Ele tem 59 anos e a típica tranqüilidade dos orientais. Masami Okada é um senhor de fala mansa e gestos lentos, com uma paciência de fazer inveja a um monge budista. Mas que ninguém se engane com as primeiras impressões. Quando o assunto é negócio, ele adora uma briga. Em cerca de um ano e meio à frente da subsidiária brasileira da FujiFilm, fabricante japonesa de filmes e equipamentos fotográficos, o executivo está virando a empresa de ponta-cabeça. Demitiu executivos que ocupavam postos-chave, determinou investimentos em campanhas publicitárias; num movimento inédito na tradicional companhia, ordenou a revisão dos canais de distribuição e ingressou em novos nichos, como o de máquinas fotográficas instantâneas. “Minha filosofia é ganhar participação de mercado”, diz, evitando maiores revelações sobre a missão que Tóquio lhe confiou. O enviado especial já ostenta em seu passaporte o selo de outros países por onde deixou sua marca – Coréia, Canadá e Estados Unidos. Nessas passagens, acumulou 15 anos de Fuji, sempre em postos de decisão. “Posso adiantar apenas que a minha experiência internacional mostra que, só depois de dois anos, a mudança na gestão contribuirá com a subsidiária”, abrevia.

Pelo que sinaliza a disposição de Okada por aqui, o tempo para mostrar resultados é curto. Postada à sombra da americana Kodak desde que se instalou no Brasil, em 1958, a vice-líder quer ter um espaço maior no mercado fotográfico. Para avançar no terreno de sua principal rival e de outras concorrentes – a alemã Agfa, a japonesa Konica e a americana Polaroid –, ele ampliou em 15% a verba para investimentos em marketing este ano, totalizando R$ 11 milhões, e escolheu alguns segmentos como prioritários. Entre eles, o de filmes profissionais. Essa área mereceu R$ 2 milhões de recursos, 50% mais do que nos anos anteriores, uma estratégia que se revelou correta. A fatia de 1998 e 1999, de 60%, já subiu para 63%. “Comemoramos bastante esse pequeno ganho porque até 1995 a situação era bem diferente”, frisa o presidente. Há cinco anos, a Fuji detinha 40% do segmento profissional – o restante ficava nas mãos da Kodak.

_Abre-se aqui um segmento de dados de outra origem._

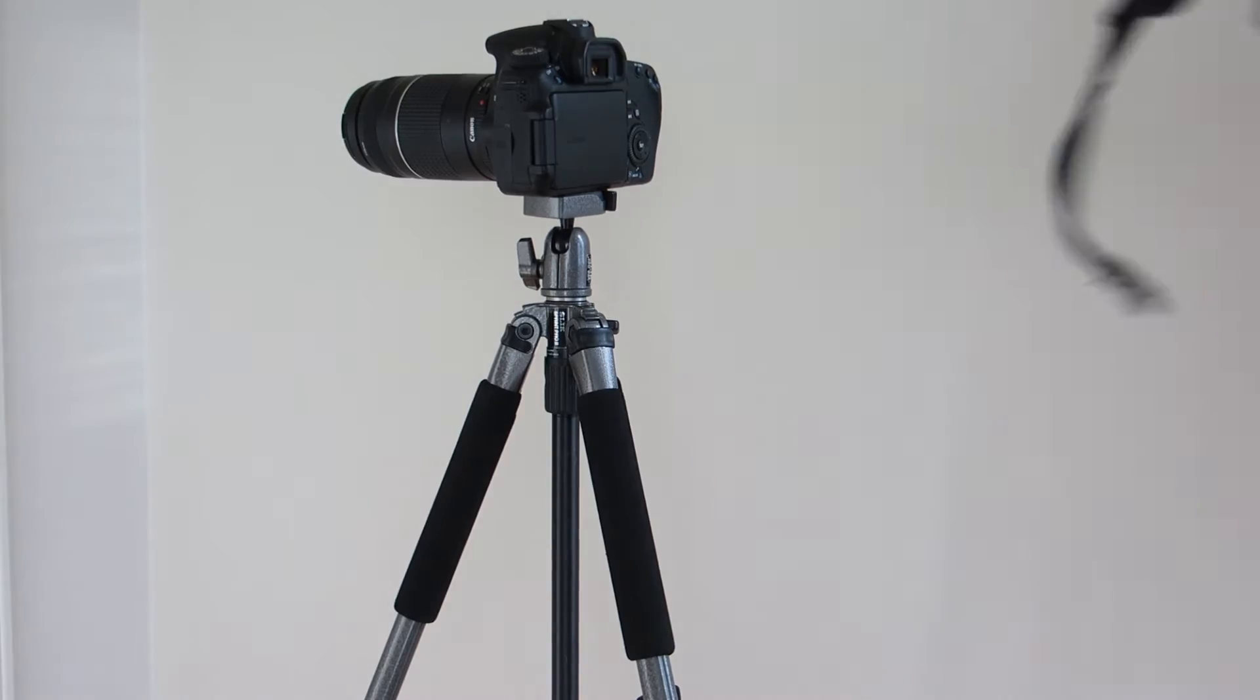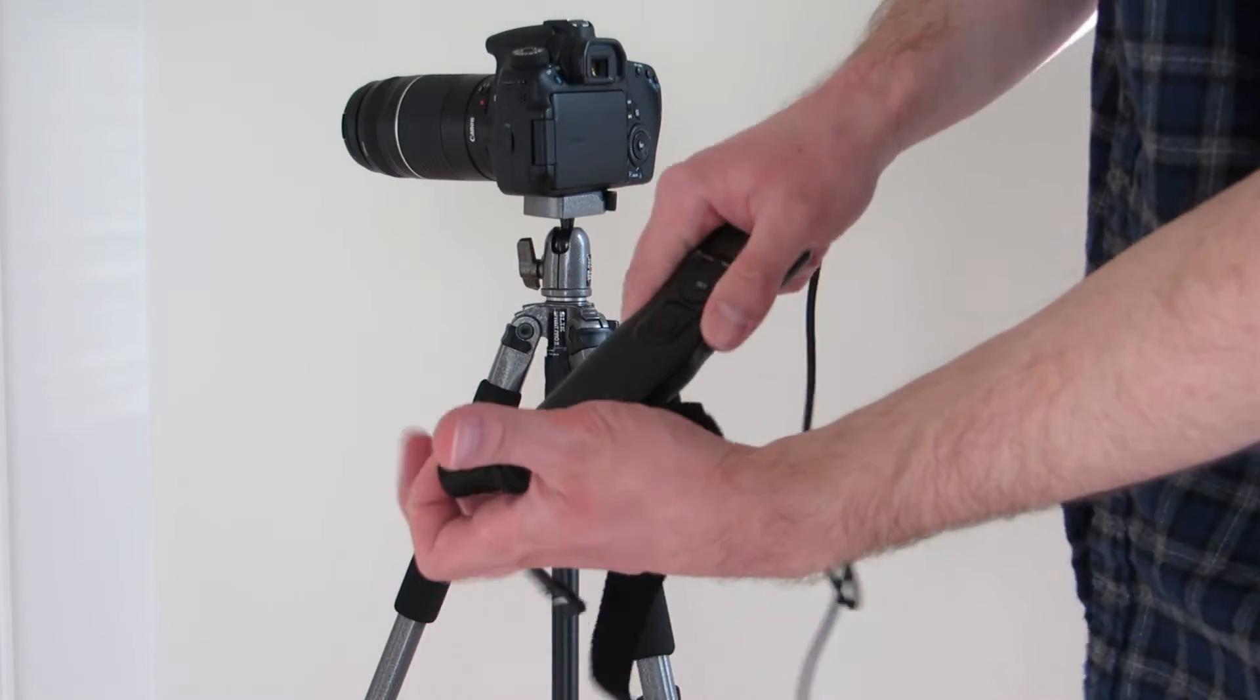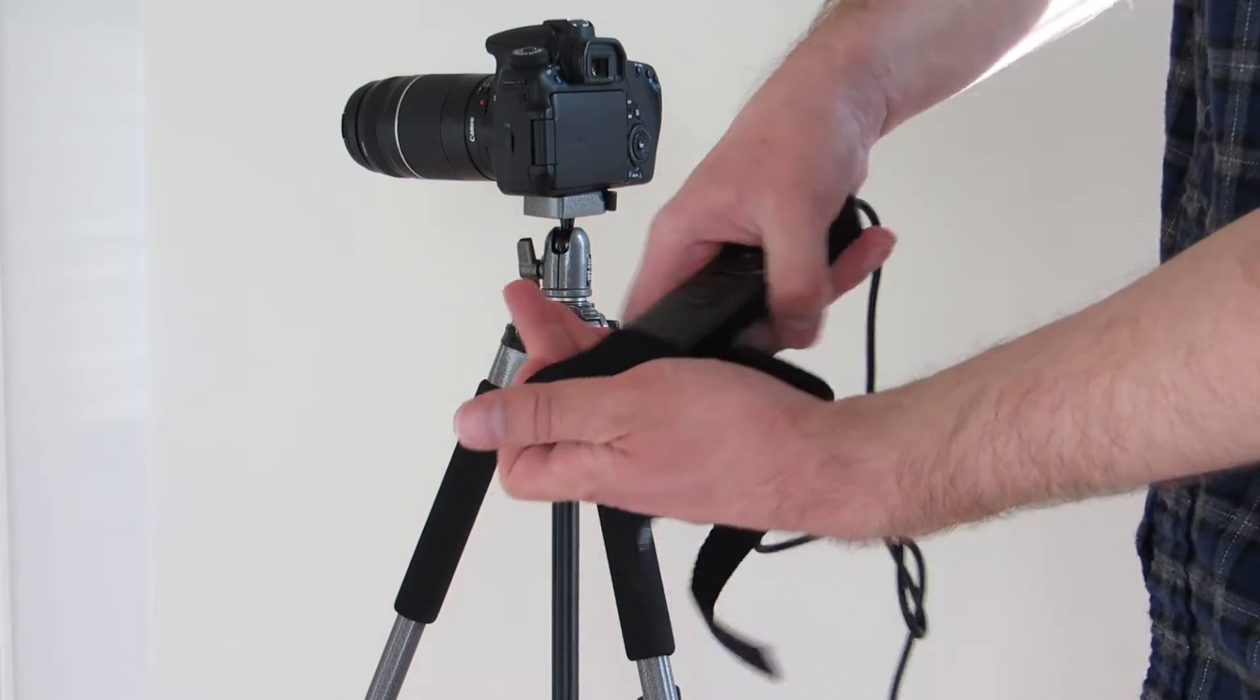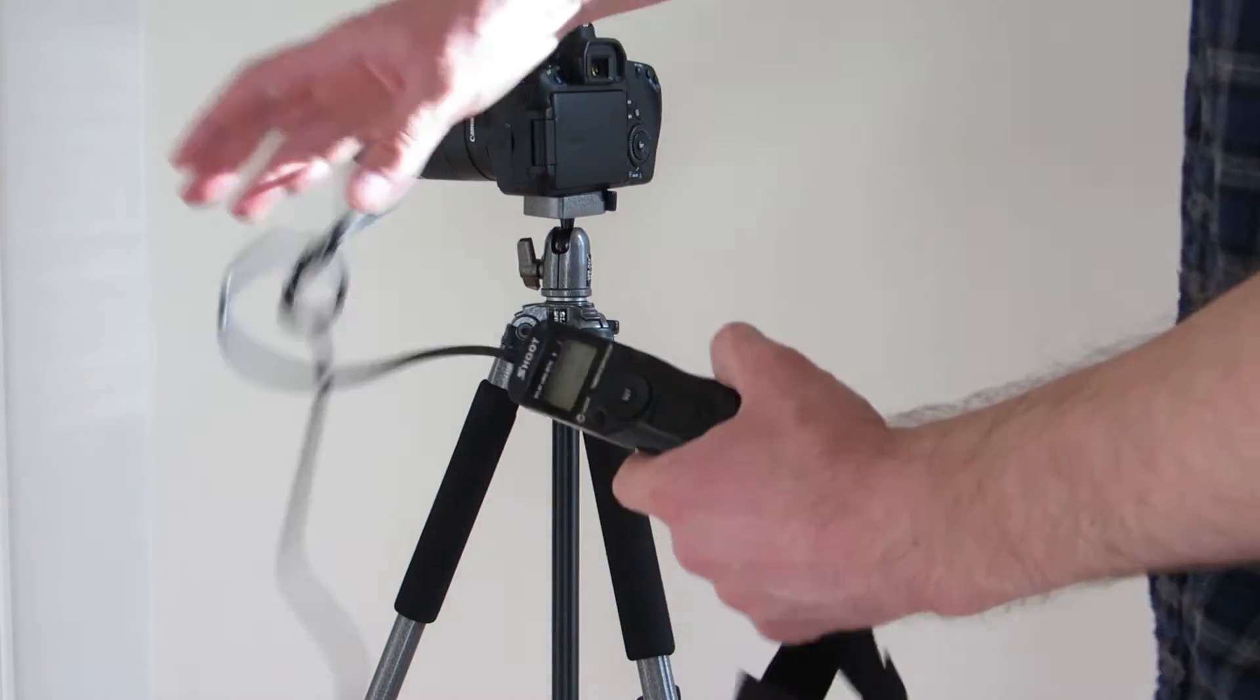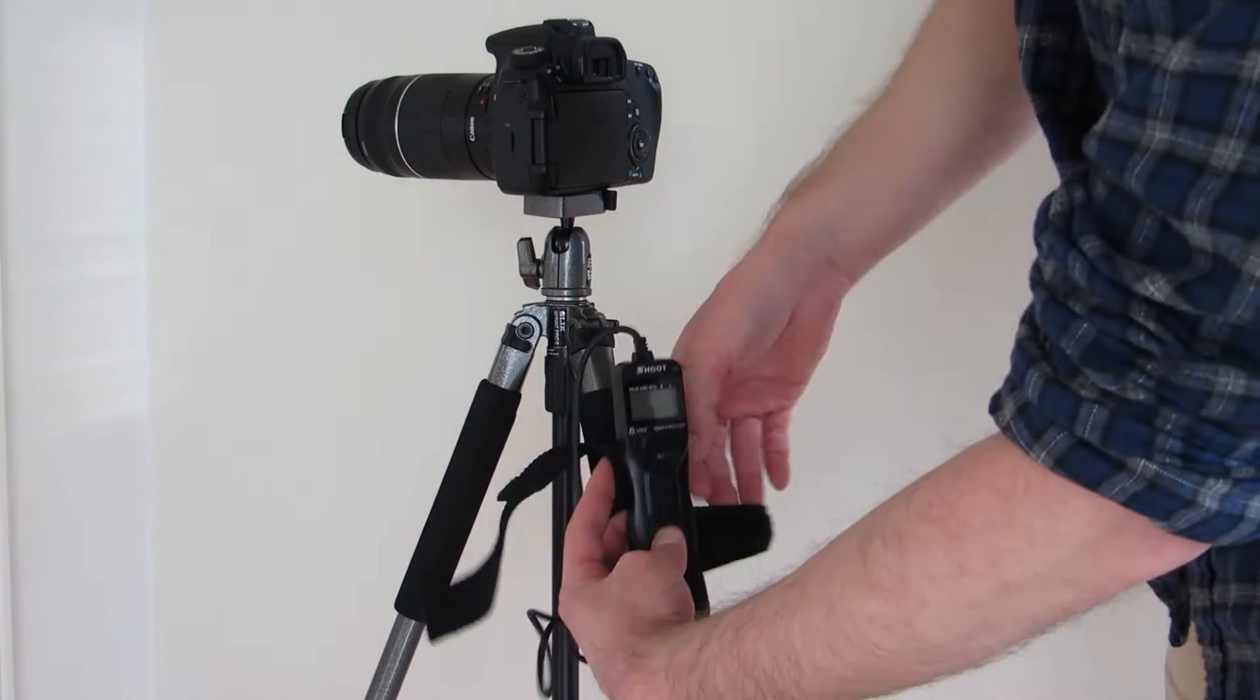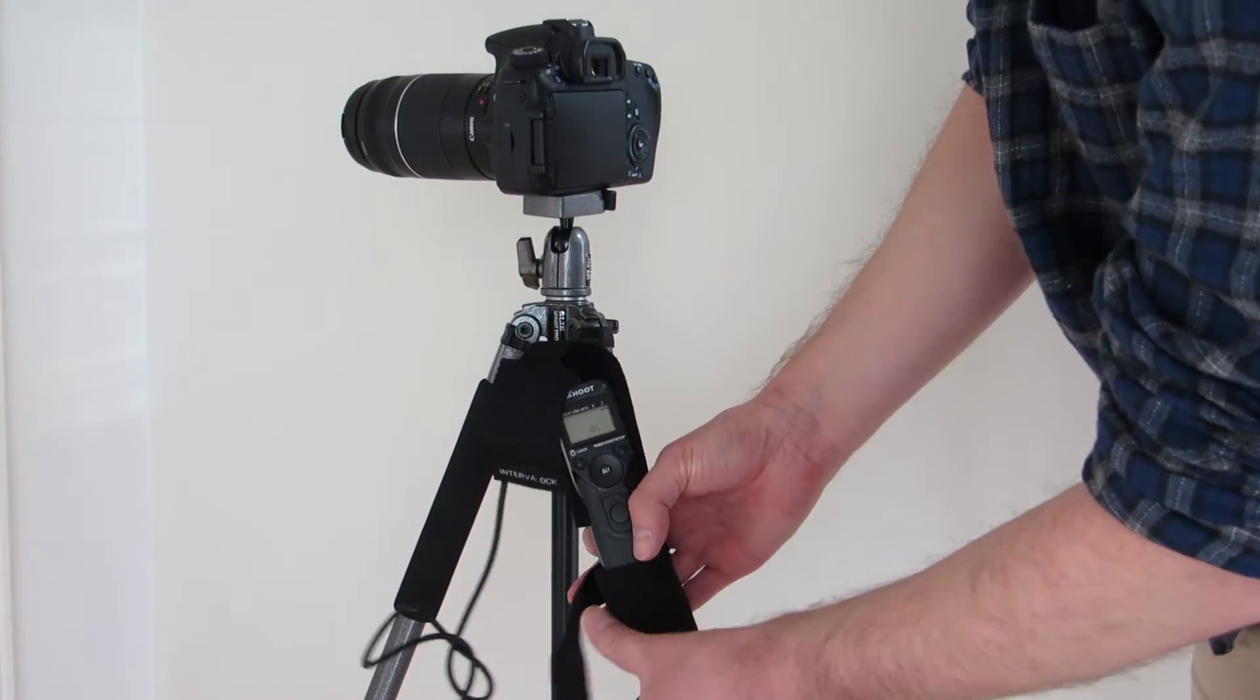What we'll do is start with the intervalometer. We're going to go ahead and put it in the sleeve. And then take the strap here. We'll go ahead and wrap this around one of the tripod legs.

FLAGRANTES DO ESTILO OKADA
MUDANÇAS
Demitiu executivos e contratou jovens valores para dar novo gás à empresa.
IMAGEM
Pela primeira vez, a Fuji do Brasil investe em campanhas publicitárias.
TECNOLOGIA
Reforçou a atuação da companhia no mercado de filmes profissionais.
DISTRIBUIÇÃO
Modernizou a rede de lojas licenciadas, revendo contratos e instalações.
CONSUMO
Lançou filmes mais baratos e uma câmara de foto instantânea, a Instax 100.

Para brigar pelos fotógrafos amadores, a dona de R$ 200 milhões de faturamento anual afiou as garras: lançou uma campanha publicitária com o mote “Tudo o que você gosta começa com F” e seduziu os aficionados por fotografia com um filme mais barato, o Quality. “Queríamos ter um produto de combate”, afirma Okada. Pouco a pouco, a parcela da Fuji no mercado de filmes para amadores está crescendo: dos 27% em 1998 e 29% em 1999, deve chegar a 31% até o fim de 2000. Para conquistar o consumidor, também lançou a Instax 100, um sistema de foto instantânea que concorre com a Polaroid. “A empresa decidiu dar um novo impulso à fotografia instantânea, que estava enfraquecida e sem opção”, diz Okada. Oito meses foram suficientes para roubar 20% da concorrente. Mas o presidente espera mais: em três anos, pretende responder por metade desse setor. Ao ser indagado sobre como se descreve como executivo, responde com a velha modéstia oriental: “O mercado fotográfico é que poderá avaliar minha postura”.